- Map of service area (Powys) in Wales
- Type: NHS Wales local health board
- Established: 2003
- Headquarters: Glasbury House, Bronllys Hospital
- Region served: Powys
- Area size: 2,000 square miles (5,200 km^{2})
- Population: 133,000
- Budget: £300m
- Hospitals: Brecon War Memorial Hospital; Bronllys Hospital; Knighton Hospital; Llandrindod Wells County War Memorial Hospital; Llanidloes War Memorial Hospital; Bro Ddyfi Community Hospital; Montgomery County Infirmary; Victoria Memorial Hospital; Ystradgynlais Community Hospital;
- Chair: Carl Cooper
- Chief executive: Hayley Thomas (interim)
- Website: pthb.nhs.wales

= Powys Teaching Health Board =

NHS local health board in Powys, Wales

Powys Teaching Health Board (PTHB) (Bwrdd lechyd Addysgu Powys) is the local health board of NHS Wales for Powys in Mid Wales. PTHB is responsible for healthcare in Powys, covering the same area as Powys County Council. It was established in 2003. Its headquarters are at Bronllys Hospital near Talgarth, Powys, Wales. Powys Teaching Health Board is the operational name of Powys Local Health Board.

==History==

Powys Teaching Health Board was established in 2003, replacing the former Powys Healthcare NHS Trust.

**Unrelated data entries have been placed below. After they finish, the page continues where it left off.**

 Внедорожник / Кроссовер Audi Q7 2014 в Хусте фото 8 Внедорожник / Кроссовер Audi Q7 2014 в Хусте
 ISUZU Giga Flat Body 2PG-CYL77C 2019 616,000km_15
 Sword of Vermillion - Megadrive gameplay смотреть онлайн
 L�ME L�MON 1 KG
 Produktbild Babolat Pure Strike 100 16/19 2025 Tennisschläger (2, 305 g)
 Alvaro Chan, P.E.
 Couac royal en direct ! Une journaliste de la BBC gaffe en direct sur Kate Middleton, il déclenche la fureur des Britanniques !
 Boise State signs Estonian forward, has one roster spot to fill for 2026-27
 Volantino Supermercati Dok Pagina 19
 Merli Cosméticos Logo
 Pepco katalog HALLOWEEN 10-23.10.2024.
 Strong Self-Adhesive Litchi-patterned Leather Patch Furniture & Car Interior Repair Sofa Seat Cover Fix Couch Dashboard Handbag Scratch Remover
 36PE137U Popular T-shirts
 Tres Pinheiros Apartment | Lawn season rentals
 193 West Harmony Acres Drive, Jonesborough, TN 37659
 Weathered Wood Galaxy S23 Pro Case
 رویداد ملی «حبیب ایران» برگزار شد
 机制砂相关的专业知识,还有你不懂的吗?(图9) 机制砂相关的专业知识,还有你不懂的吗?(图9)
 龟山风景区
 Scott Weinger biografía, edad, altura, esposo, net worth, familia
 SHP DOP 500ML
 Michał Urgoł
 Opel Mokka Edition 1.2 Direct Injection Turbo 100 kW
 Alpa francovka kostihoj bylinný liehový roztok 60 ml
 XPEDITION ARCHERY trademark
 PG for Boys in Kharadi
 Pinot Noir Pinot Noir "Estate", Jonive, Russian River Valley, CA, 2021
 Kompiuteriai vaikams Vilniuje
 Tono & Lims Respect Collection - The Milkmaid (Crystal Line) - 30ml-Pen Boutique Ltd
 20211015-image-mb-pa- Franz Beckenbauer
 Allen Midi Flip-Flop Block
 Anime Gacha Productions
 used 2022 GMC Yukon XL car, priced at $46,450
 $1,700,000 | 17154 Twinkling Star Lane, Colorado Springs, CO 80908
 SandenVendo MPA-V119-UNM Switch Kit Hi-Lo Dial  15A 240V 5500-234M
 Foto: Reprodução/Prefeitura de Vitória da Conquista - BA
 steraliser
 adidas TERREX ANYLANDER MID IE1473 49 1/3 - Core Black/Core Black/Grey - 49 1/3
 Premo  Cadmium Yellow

It was the only Local Health Board not to be dissolved under The Local Health Boards (Establishment and Dissolution) (Wales) Order 2009 (S.I. 2009/778 (W.66)), “the Establishment Order (S.I. 2009/778 (W.66)). Most of its functions are set out in the Local Health Boards (Directed Functions) (Wales) Regulations 2009 (S.I. 2009/1511 (W.147)).

==Hospitals==
Local hospitals include:

- Brecon War Memorial Hospital, Brecon
- Bronllys Hospital, Bronllys
- Knighton Hospital, Knighton
- Llandrindod Wells County War Memorial Hospital, Llandrindod Wells
- Llanidloes War Memorial Hospital, Llanidloes
- Bro Ddyfi Community Hospital, Machynlleth
- Montgomery County Infirmary, Newtown
- Victoria Memorial Hospital, Welshpool
- Ystradgynlais Community Hospital, Ystradgynlais

The main provider of ambulance services for Powys is the Welsh Ambulance Services NHS Trust.

==Health and Care Strategy for Powys==

In 2017, Powys Teaching Health Board in partnership with Powys County Council published the first Integrated Health and Care Strategy for Powys. This set out a shared vision for a healthy, caring Powys and how local organisations aimed to support people and communities to Start Well, Live Well and Age Well. The delivery of the Strategy was taken forward through a joint Area Plan, overseen by the statutory Powys Regional Partnership Board established under the Social Services and Wellbeing Act 2014.